Unable to ingest JSON data with PIPELINE INTO PROCEDURE

Hi Team,

I am facing issue while ingesting a JSON data via PIPELINE to a table using Store Procedure.

I see NULL values are getting inserted in the table.

Procedure Script:

DELIMITER //
CREATE OR REPLACE PROCEDURE ops.process_users(GENERIC_BATCH query(GENERIC_JSON json)) AS
BEGIN
INSERT INTO ops.USER(USER_ID,USERNAME)
SELECT GENERIC_JSON::USER_ID, GENERIC_JSON::USERNAME
FROM GENERIC_BATCH;
END //
DELIMITER ;

Pipeline Command

CREATE OR REPLACE PIPELINE ops.tweet_pipeline_with_sp AS LOAD DATA KAFKA ‘<KAFKA_SERVER_IP>:9092/user-topic’

INTO PROCEDURE ops.process_users FORMAT JSON ;

Data Pushed to topic: {“USER_ID”:“111”,“USERNAME”:“Test_User”}

Table DDL: CREATE TABLE ops.USER (USER_ID INTEGER, USERNAME VARCHAR(255));

Kindly help me out…

Thanks,
Pradeep

FORMAT JSON pipelines take a subvalue_mapping clause which tells us how to map key paths in each input JSON to columns of the destination table or QTV. When it’s omitted, we’ll fall back to looking for keys matching the names of the destination’s columns. So in this case we attempted to find the key “GENERIC_JSON” in the input object, and, because it was missing, assigned NULL.

For this particular example, you can and should (for performance reasons) omit the stored procedure:

create or replace pipeline … into ops.USER(USER_ID ← USER_ID, USERNAME ← USERNAME) format JSON

If you really do need the stored procedure, the fix there is to explicitly tell us to assign the entire JSON to GENERIC_JSON, with the special syntax %.

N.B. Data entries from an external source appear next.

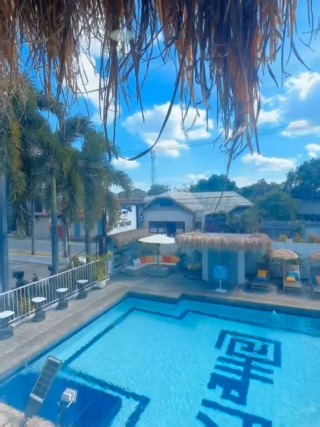 Tropical at estetik vibes—dito mo lang mahahanap! Tara na! Staycation, coffee at steak—all in one place dito sa At The Pad. 🌞🌴 📍Plaridel 1, Sarmiento St., Malabañias, Angeles City ☎️ 0917-705-0526 | (045) 407-3331 📩 atthepadhotel@gmail.com #AtThePadHotelAndResort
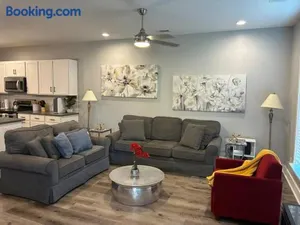 Image of Modern Near Downtown Hospitals Greenville Stay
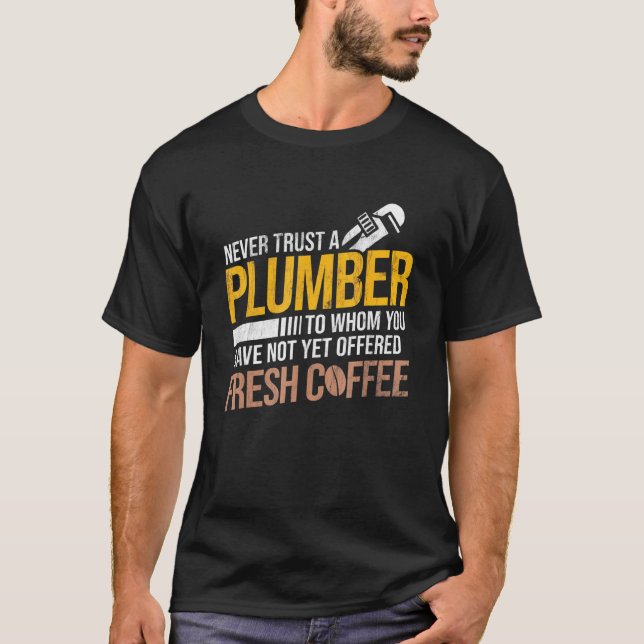 Lita aldrig på ej erbjudna kaffepitterande plumbin t shirt (Framsida)
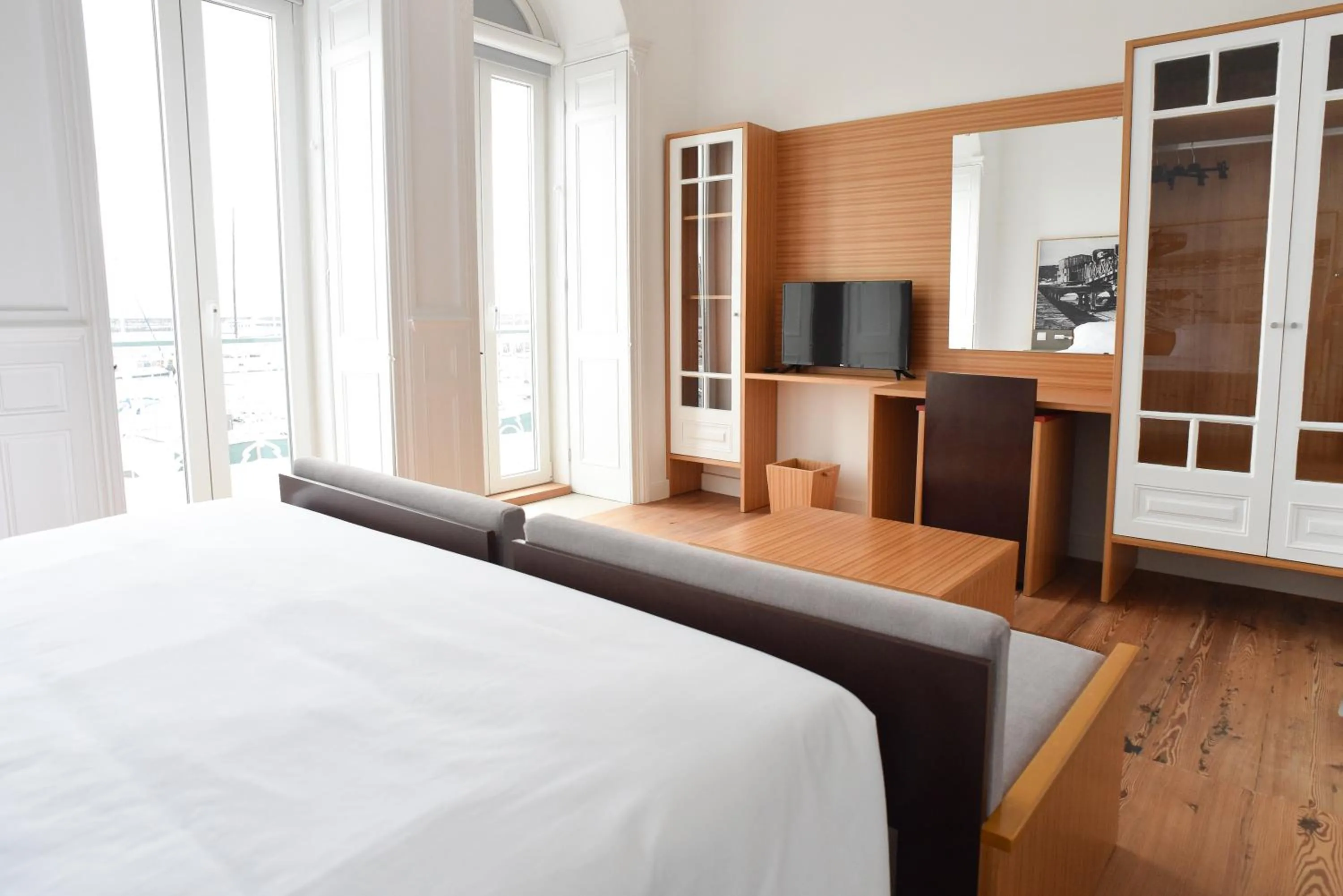 Communal lounge/ TV room, Bed in Internacional Azores Boutique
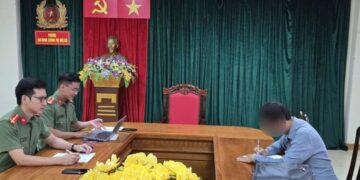 Sân khấu nghệ thuật: Liệu có bị giới hạn giữa nghệ thuật hay hiện tượng mạng?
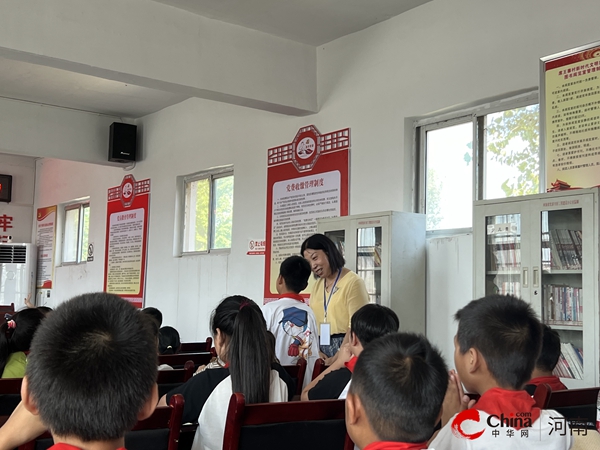 ​西平县焦庄席王寨小学举办“青少年心理健康服务进村行动”主题讲座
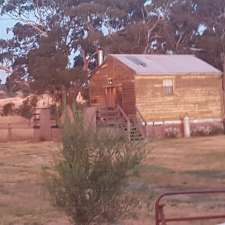 Valdara Rustic Farmstay | 8 Dundas St, Raglan VIC 3373, Australia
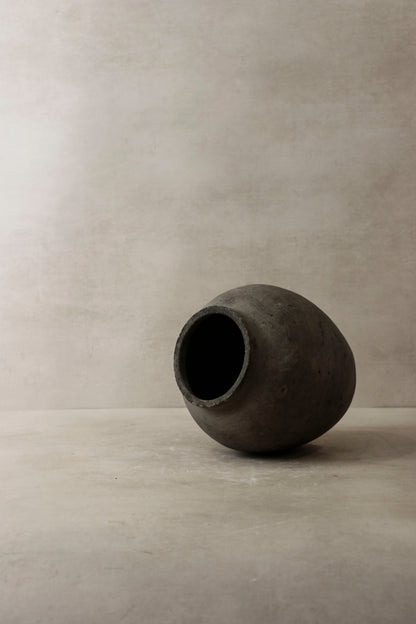 Vintage Dark Pot n° 10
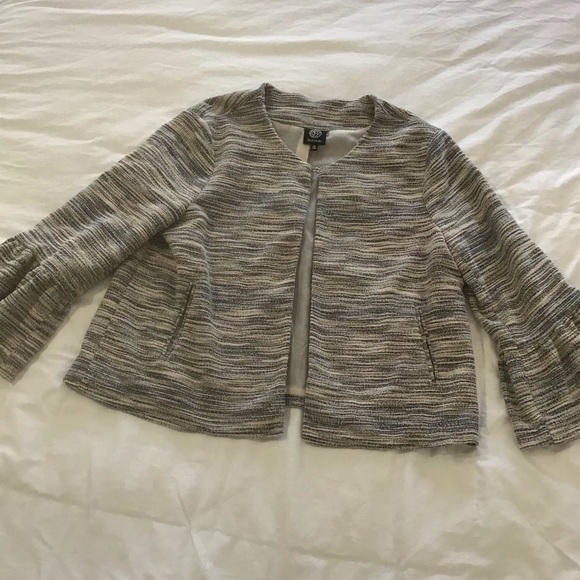 bobeau Jackets & Blazers - Bobeau Tan, Cream, Gray, Black Twill Bell Sleeve Blazer, Size XL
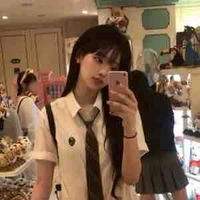 Hồng Anh(con riêng của mẹ kế)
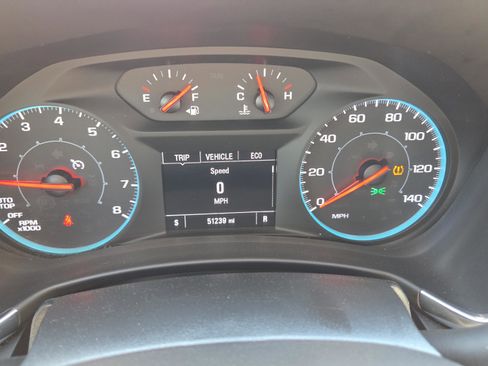 Used 2020 Chevrolet Equinox LS image 28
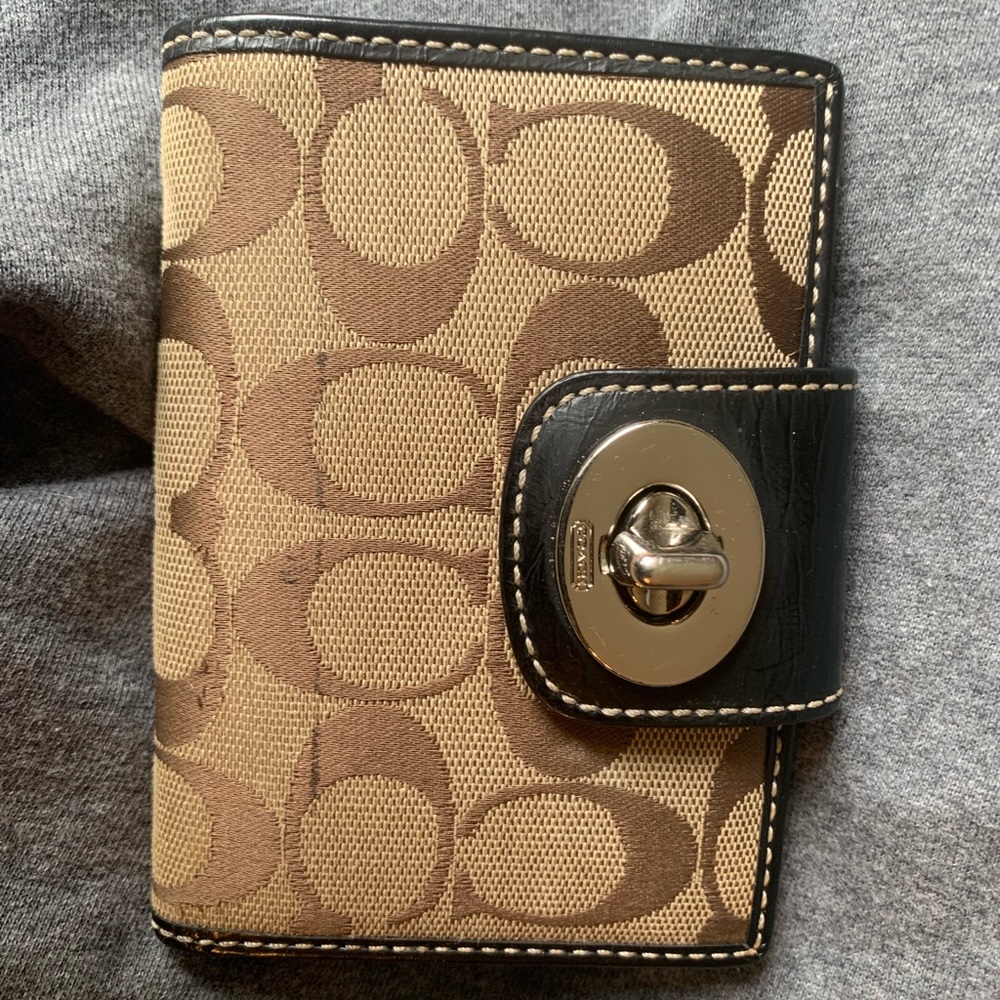 Coach wallet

create or replace pipeline … into ops.process_users(GENERIC_JSON ← %) format JSON

In case you haven’t seen it, the semantics of AS LOAD DATA … FORMAT JSON are defined here:

https://docs.memsql.com/v7.0/reference/sql-reference/data-manipulation-language-dml/load-data/#json-load-data

1 Like

Hi Sasha,

I have tried with GENERIC_JSON <- % , It is actually working, But with some minor flaws!

Pipeline Script:

CREATE OR REPLACE PIPELINE ops.tweet_pipeline_with_sp AS LOAD DATA KAFKA ‘172.17.0.3:9092/user-topic-1’
INTO PROCEDURE ops.process_users(GENERIC_JSON <- %) FORMAT JSON ;

JSON :

{“USER_ID”: 111, “USERNAME”: “Test_User”}

image

I see String value is getting inserted with double quotes on it. Whereas Integer works fine.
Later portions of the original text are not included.